• How to complete this task
From the records below, copy out exactly the lines from the one containing "197LGQ South Dakota License Plate" to the one containing "Kit 7 Mesas", both included. Add nothing else.
** Data for review follows **
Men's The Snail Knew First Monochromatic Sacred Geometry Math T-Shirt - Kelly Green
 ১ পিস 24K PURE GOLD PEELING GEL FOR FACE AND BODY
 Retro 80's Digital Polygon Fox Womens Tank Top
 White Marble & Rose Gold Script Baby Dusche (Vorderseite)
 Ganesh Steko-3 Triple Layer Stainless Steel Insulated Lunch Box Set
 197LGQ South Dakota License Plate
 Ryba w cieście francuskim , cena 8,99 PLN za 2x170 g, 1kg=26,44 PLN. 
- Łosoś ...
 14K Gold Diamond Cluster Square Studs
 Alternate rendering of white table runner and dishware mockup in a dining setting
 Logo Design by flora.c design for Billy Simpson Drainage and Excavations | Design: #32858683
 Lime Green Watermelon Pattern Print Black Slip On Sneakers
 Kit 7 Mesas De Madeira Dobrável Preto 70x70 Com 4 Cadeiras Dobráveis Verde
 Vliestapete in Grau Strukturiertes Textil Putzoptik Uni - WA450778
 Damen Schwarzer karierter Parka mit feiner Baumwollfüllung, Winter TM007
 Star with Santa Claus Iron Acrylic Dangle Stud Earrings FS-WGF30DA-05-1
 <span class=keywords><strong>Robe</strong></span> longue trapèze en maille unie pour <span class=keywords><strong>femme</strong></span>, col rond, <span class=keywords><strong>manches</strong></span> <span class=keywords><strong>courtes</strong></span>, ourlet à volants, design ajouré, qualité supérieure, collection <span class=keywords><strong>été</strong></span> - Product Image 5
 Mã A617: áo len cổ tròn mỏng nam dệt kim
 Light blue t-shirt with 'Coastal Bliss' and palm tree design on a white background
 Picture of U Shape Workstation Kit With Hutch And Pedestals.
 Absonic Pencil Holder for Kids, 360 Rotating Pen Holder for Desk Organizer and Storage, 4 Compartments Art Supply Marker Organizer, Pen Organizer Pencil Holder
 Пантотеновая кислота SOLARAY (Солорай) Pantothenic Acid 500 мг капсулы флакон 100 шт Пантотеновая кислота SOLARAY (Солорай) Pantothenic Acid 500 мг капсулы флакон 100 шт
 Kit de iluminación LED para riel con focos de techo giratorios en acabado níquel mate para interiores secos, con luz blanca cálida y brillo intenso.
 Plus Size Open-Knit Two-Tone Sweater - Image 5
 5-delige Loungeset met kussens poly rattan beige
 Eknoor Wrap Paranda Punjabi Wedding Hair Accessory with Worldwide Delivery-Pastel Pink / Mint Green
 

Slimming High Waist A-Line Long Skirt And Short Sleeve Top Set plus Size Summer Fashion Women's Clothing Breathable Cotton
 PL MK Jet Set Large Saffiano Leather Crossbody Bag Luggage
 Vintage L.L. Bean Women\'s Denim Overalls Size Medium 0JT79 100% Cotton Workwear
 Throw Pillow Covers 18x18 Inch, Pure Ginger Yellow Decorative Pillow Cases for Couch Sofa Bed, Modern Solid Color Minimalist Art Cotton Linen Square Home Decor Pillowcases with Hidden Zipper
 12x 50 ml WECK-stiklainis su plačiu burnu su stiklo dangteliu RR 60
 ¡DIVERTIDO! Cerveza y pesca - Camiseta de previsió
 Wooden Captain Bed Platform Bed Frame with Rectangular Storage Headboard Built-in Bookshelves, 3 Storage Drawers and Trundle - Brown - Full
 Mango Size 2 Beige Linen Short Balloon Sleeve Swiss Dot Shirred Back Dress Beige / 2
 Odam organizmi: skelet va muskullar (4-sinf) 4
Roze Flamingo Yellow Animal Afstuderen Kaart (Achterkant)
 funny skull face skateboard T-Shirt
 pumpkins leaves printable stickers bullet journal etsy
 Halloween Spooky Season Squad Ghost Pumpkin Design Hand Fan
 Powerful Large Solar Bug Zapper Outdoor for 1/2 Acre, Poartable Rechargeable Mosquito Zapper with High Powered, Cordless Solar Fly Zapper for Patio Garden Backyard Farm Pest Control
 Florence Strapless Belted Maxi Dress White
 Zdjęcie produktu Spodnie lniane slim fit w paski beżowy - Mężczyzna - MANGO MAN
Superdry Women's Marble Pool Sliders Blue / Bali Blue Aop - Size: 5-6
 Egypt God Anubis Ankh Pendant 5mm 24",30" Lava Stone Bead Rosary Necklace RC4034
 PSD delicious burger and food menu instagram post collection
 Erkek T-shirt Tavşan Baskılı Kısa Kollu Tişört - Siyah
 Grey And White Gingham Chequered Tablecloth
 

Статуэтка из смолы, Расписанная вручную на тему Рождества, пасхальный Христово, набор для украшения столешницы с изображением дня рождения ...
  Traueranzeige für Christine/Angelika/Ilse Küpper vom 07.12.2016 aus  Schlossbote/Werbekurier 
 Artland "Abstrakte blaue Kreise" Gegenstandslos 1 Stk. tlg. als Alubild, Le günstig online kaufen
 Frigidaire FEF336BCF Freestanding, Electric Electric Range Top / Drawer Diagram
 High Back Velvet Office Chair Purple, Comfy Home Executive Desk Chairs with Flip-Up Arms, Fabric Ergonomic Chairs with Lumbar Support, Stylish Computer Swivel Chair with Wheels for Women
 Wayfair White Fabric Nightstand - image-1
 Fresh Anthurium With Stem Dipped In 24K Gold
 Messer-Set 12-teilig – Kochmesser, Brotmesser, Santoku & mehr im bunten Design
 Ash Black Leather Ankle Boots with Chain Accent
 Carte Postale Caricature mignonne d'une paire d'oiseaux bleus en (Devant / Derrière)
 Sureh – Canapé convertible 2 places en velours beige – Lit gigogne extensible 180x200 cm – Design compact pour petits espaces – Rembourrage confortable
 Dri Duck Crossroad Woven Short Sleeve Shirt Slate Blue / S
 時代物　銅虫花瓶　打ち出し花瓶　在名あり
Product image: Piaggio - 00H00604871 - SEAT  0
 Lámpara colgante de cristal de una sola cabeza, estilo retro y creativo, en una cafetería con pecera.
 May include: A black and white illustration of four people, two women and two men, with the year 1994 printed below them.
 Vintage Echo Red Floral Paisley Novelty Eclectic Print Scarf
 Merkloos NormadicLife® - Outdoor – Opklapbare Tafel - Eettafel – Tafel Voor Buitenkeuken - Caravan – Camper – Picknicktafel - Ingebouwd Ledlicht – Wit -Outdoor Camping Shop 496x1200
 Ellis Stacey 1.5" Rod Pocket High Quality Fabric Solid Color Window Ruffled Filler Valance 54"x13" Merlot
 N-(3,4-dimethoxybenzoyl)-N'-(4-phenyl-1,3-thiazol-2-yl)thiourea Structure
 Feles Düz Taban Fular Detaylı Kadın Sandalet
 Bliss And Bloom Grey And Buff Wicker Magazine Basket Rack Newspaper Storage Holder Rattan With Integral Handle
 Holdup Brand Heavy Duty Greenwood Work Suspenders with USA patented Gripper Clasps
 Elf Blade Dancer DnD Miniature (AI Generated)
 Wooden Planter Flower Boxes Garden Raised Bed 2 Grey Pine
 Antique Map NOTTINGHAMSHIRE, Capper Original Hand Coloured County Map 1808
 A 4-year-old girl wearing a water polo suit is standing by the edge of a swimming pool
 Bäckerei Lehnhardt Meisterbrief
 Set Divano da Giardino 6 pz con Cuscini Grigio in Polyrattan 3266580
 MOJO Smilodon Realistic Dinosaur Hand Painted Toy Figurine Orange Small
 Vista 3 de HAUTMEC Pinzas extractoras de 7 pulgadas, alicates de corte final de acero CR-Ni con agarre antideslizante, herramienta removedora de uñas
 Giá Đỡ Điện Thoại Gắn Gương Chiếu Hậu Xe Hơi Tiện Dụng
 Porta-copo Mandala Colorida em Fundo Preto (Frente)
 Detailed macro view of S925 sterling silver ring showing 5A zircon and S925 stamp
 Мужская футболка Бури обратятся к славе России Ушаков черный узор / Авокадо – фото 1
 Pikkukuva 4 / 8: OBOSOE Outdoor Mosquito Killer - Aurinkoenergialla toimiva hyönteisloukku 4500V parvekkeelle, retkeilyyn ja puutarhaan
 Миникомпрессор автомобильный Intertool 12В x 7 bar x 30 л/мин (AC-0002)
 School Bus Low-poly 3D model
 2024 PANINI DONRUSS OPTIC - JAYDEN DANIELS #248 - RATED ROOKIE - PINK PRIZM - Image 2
** End of Data for review **
• Response to the exercise
 197LGQ South Dakota License Plate
 Ryba w cieście francuskim , cena 8,99 PLN za 2x170 g, 1kg=26,44 PLN. 
- Łosoś ...
 14K Gold Diamond Cluster Square Studs
 Alternate rendering of white table runner and dishware mockup in a dining setting
 Logo Design by flora.c design for Billy Simpson Drainage and Excavations | Design: #32858683
 Lime Green Watermelon Pattern Print Black Slip On Sneakers
 Kit 7 Mesas De Madeira Dobrável Preto 70x70 Com 4 Cadeiras Dobráveis Verde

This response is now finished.